Connect SageMaker Studio Notebooks to Resources in a VPC - Amazon SageMaker

Connect SageMaker Studio Notebooks to Resources in a VPC

Amazon SageMaker Studio allows direct internet access by default. This could provide an avenue for unauthorized access to your data. For example, if you install malicious code on your computer (in the form of a publicly available notebook or a publicly available source code library), it could access your data. You can choose to restrict which traffic can access the internet by launching Studio in a Virtual Private Cloud (VPC) of your choosing. This allows you fine-grained control of the network access and internet connectivity of your SageMaker Studio notebooks. You can disable direct internet access to add an additional layer of security.

By default, SageMaker Studio provides a network interface that allows communication with the internet through a VPC managed by SageMaker. Traffic to AWS services like Amazon S3 and CloudWatch goes through an internet gateway as does traffic that accesses the SageMaker API and SageMaker runtime. Traffic between the domain and your Amazon EFS volume goes through the VPC that you specified when you onboarded to Studio or called the CreateDomain API. The following diagram shows the default configuration.

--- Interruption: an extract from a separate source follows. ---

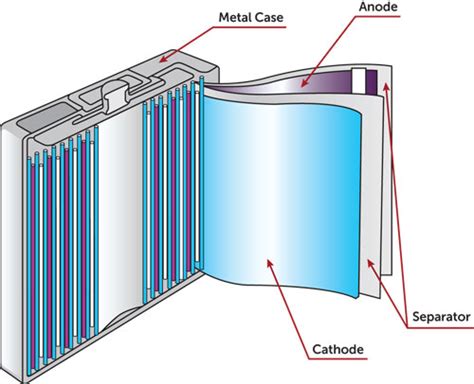 What Are LiFePO4 Prismatic Cells? Which One Is The Best?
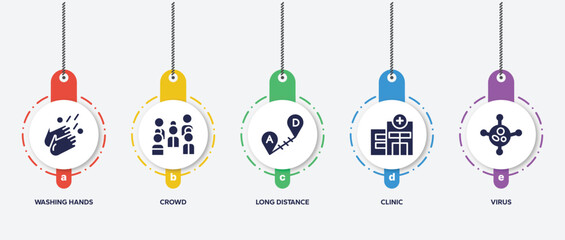 Poster - infographic element template with filled icons such as washing hands, crowd, long distance, clinic, virus vector.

Diagram of SageMaker Studio VPC using direct internet access

To disable direct internet access, you can specify the VPC only network access type when you onboard to Studio or call the CreateDomain API. Doing so prevents SageMaker from providing internet access to your Studio notebooks. As a result, you won't be able to run a Studio notebook unless your VPC has an interface endpoint to the SageMaker API and runtime, or a NAT gateway, and your security groups allow outbound connections. The following diagram shows a configuration for using VPC-only mode.

Diagram of SageMaker Studio VPC using VPC-only mode

VPC requirements in VpcOnly

When you choose VpcOnly, your VPC must contain the following:

  • Subnets with one IP address for each App. For more information, see VPC and subnet sizing for IPv4.

    Note

    You can configure only subnets with a default tenancy VPC in which your instance runs on shared hardware. For more information on the tenancy attribute for VPCs, see Dedicated Instances.

  • One or more security groups with inbound and outbound rules that together allow the following traffic:

    • NFS traffic over TCP on port 2049 between the domain and the Amazon EFS volume.

    • TCP traffic within the security group. This is required for connectivity between the JupyterServer app and the KernelGateway apps.

  • If you want to allow internet access, you must attach an internet gateway or NAT gateway.

  • If you don't want to allow internet access, you must create interface endpoints (AWS PrivateLink) to access the following:

    • The SageMaker API and SageMaker runtime. This is required to run Studio notebooks and to train and host models.

    • Amazon S3, Amazon CloudWatch, and other AWS services you require.

    You must associate the security groups for your VPC with these endpoints.